A new classic from one of the world's most respected sailing authors

More than 35 years ago, Hal Roth quit his job as a journalist and went sailing. Since then, he's logged more than 200,000 sea miles. Along the way, Roth also has authored eight voyaging classics, including the 1978 bestseller After 50,000 Miles.

Taking that book as its starting point, this handsome new volume incorporates the new technologies and discoveries of the last quarter century along with another 150,000 miles of experience.

A compendium of mature, time-tested sea wisdom from one of the world's most respected sailing writers, How to Sail Around the World will tell the reader:

  • How to choose and equip a sailboat for long-distance cruising, with an emphasis on simplicity and a modest budget
  • How to plan and conduct a voyage anywhere in the world
  • How to master the arts of navigation, anchoring, and daily life aboard in exotic places
  • How to cope with storms at sea--the most complete and authoritative treatise on this critical topic ever published

Product Details

ISBN-13: 9780071778725
Publisher: McGraw Hill LLC
Publication date: 10/20/2003
Sold by: Barnes & Noble
Format: eBook
Pages: 480
File size: 13 MB
Note: This product may take a few minutes to download.

About the Author

Hal Roth has raced around the world singlehanded in the BOC Challenges of 1986 - 87 and 1990 - 91. He has crossed the Pacific five times, the Atlantic eleven times, and has rounded Cape Horn three times.

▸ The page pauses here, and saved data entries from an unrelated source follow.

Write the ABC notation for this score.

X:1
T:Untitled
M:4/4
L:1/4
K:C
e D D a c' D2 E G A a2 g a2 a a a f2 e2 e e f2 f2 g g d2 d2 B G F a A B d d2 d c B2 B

In all he has logged 200,000 miles. He is the author of ten books of high adventure, including After 50,000 Miles, Two Against Cape Horn, Two on a Big Ocean, and Always a Distant Anchorage, which rank among the true classics of voyaging literature. A veteran journalist, Roth has written 400 articles for magazines.

Read an Excerpt

How to Sail Around The World

Advice and Ideas for Voyaging Under Sail
By Hal Roth

McGraw-Hill

Copyright © 2004 Hal Roth
All right reserved.

ISBN: 978-0-07-177872-5


Chapter One

The Pleasure and the Freedom

This book is for people who dream of taking small sailing yachts across oceans, who hope to make extended blue-water passages, and who plan to live aboard for long periods. Or said another way: it's for people who want to become high-mileage sailors and to exchange the near and safe for the distant and unknown.

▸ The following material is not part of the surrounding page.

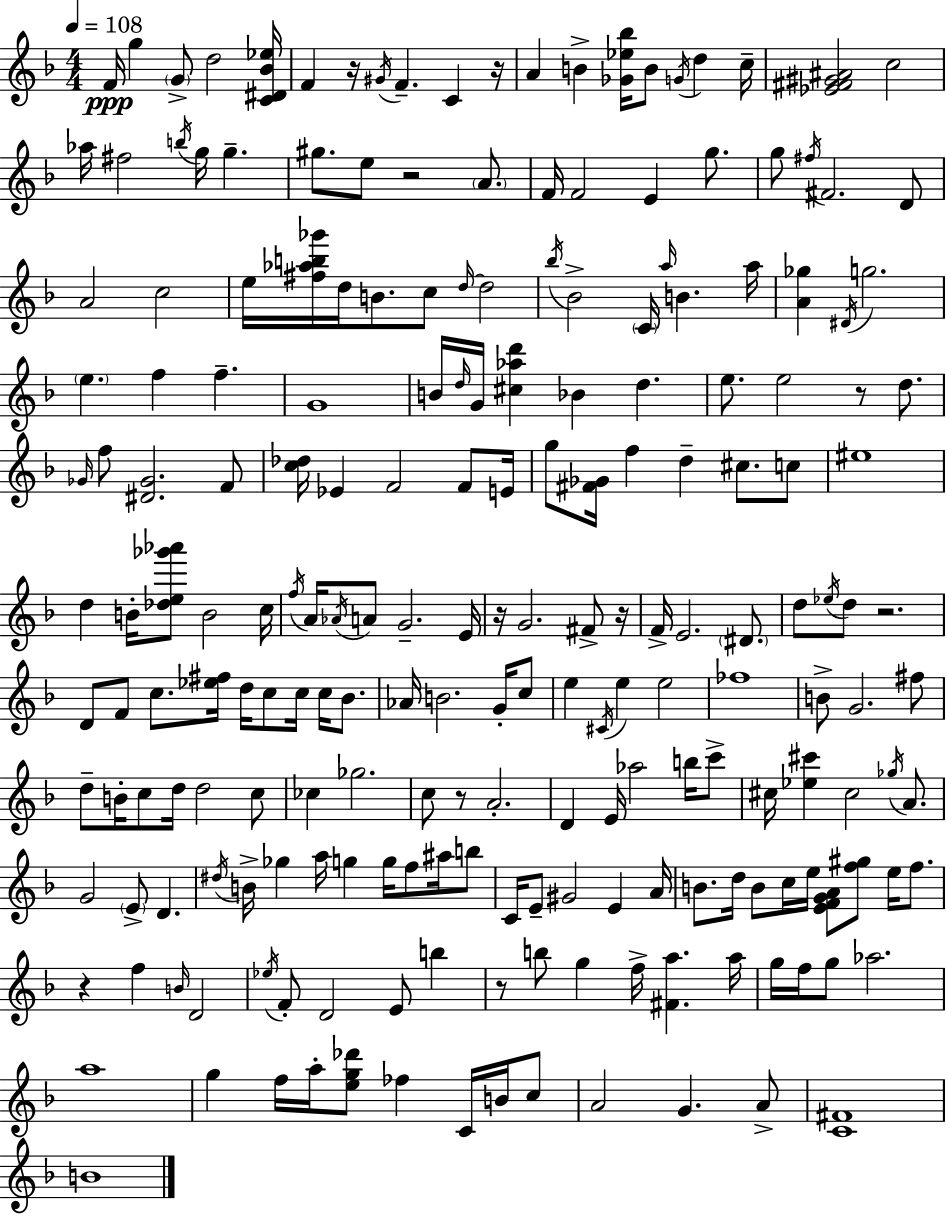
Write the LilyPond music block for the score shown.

Margaret and I have had a wonderful sailing life for more than thirty-five years. We've crossed all the oceans of the world and have sailed to a thousand foreign ports and anchorages. Yet it seems only yesterday that we elected to sail and earn our way with words and pictures while living aboard a 35-foot yacht.

The people we know in the business world have made far more money, but their riches could never buy the satisfaction that's come to us from all our experiences and the pleasure of making friends in so many places. I think of watching all those sunsets at sea and the excitement of putting together a small shelf of books about our voyages.

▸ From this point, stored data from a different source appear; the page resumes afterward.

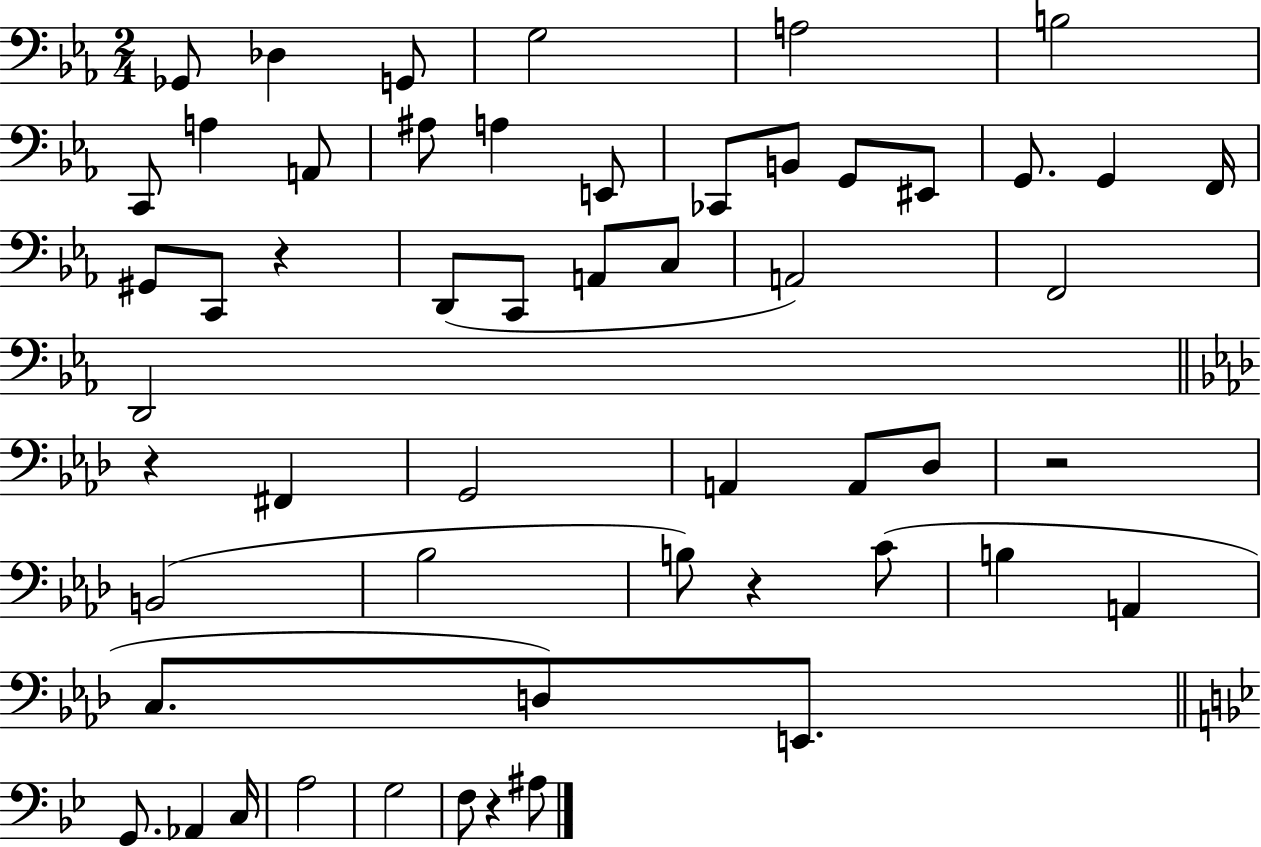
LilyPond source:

{
  \clef bass
  \numericTimeSignature
  \time 2/4
  \key ees \major
  ges,8 des4 g,8 | g2 | a2 | b2 | \break c,8 a4 a,8 | ais8 a4 e,8 | ces,8 b,8 g,8 eis,8 | g,8. g,4 f,16 | \break gis,8 c,8 r4 | d,8( c,8 a,8 c8 | a,2) | f,2 | \break d,2 | \bar "||" \break \key f \minor r4 fis,4 | g,2 | a,4 a,8 des8 | r2 | \break b,2( | bes2 | b8) r4 c'8( | b4 a,4 | \break c8. d8) e,8. | \bar "||" \break \key bes \major g,8. aes,4 c16 | a2 | g2 | f8 r4 ais8 | \break \bar "|."
}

On our first trip we traveled across the Pacific from California to Tahiti, Samoa, the Gilbert Islands, and through the four main islands of Japan. Then to the Aleutian Islands, southeast Alaska, Canada's Queen Charlotte Islands, and back to California. Another time we sailed to the Galápagos Islands off the coast of Ecuador. Next we went to Peru, the Strait of Magellan, Tierra del Fuego, and Cape Horn. Finally to Buenos Aires, Uruguay, a dozen places in Brazil, a stop in Bermuda, and on to Nantucket Island.

Whisper sailing into Attu, the westernmost island of the Aleutians.

On a great voyage in the 1980s, we sailed from Maine to the Caribbean and through the Panama Canal to French Polynesia. We spent a month in the Tuamotu Archipelago, 72 gorgeous palm-clad slivers of coral and sand barely above the sea, where the people seem to be half fish, half human because they live so close to the water. We continued on to Vanuatu in the western Pacific, a place where kinky-haired Melanesian men wore little more than penis sheaths but spoke four languages and knew more about world politics than I did.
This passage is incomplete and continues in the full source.